By evening, Hiko could say that Kenshin had a passable grip on the Ryu Sou Sen. As with all the other moves, full mastery would come through repetition. Hiko also felt confident now that Kenshin could handle being up here as long as he didn't wander out into the rapids or let himself be distracted.
Hiko and Kenshin made their way down the trail. Hiko's breathing was even, not a hair out of place. Kenshin was disheveled, flushed and gasping for breath. Hiko had drilled him more harshly than he could ever remember. Glad to see the hut after today's arduous training, Kenshin started to trot past his Master toward it, only to be snatched up by the collar of his shitagi.

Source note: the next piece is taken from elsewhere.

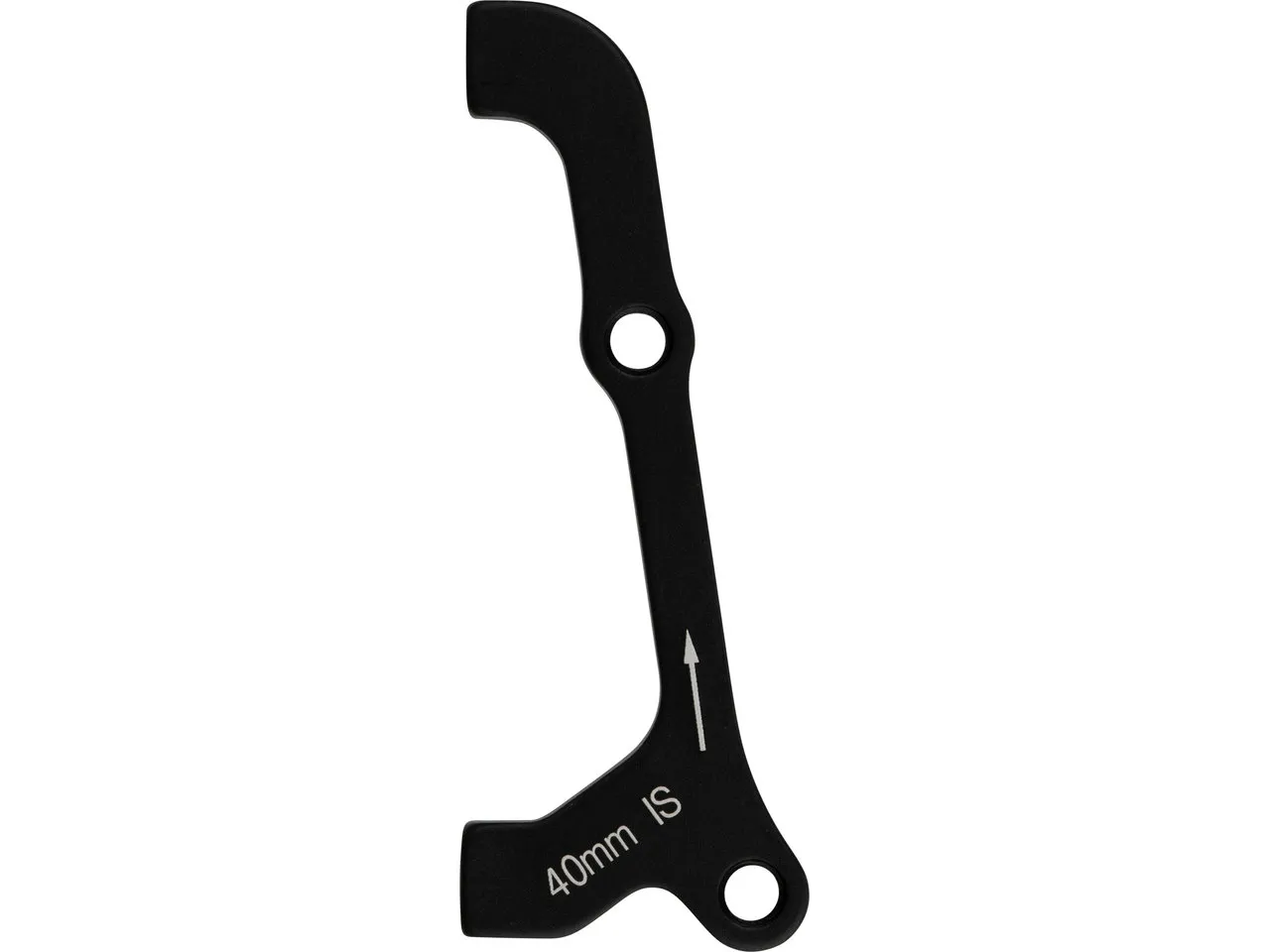 SRAM Scheibenbremsadapter für 220 mm Scheibe, Schwarz, PM 7" auf PM SRAM Scheibenbremsadapter für 220 mm Scheibe, Schwarz, PM 7" auf PM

"Where does my little idiot think he's going? Did I say your punishment was over?" Hiko asked in that sarcastic tone Kenshin hated.
Kenshin's body drooped, and he sighed. It couldn't be that easy, could it?
"No, Master," he said softly, staring at the ground beneath his dangling feet.
"Thought not. Now, you get those clothes down from the branches, wash the dishes, and chop firewood since we're running low. I'll be inside by the fire," said Hiko with that smug smirk that Kenshin hoped to one day wipe off his face.
"Yes, Master," assented Kenshin, trying to keep the resentment from his voice and ki.
"Get done quickly, or you'll be working by moonlight," Hiko said before unceremoniously dropping Kenshin to the ground.
"Oooph!" went the boy as he landed on his hands and knees with a thud.
Kenshin sat on his heels watching his Master head for the entrance to their hut without so much as a backward glance. After he heard the wooden door slide shut, he dragged himself to his feet, stuck his tongue out in the direction his Master had gone, then went to do his assigned tasks. Never again (not for a really long time at least) would Kenshin deliberately disobey his Master's rules. It just wasn't worth it!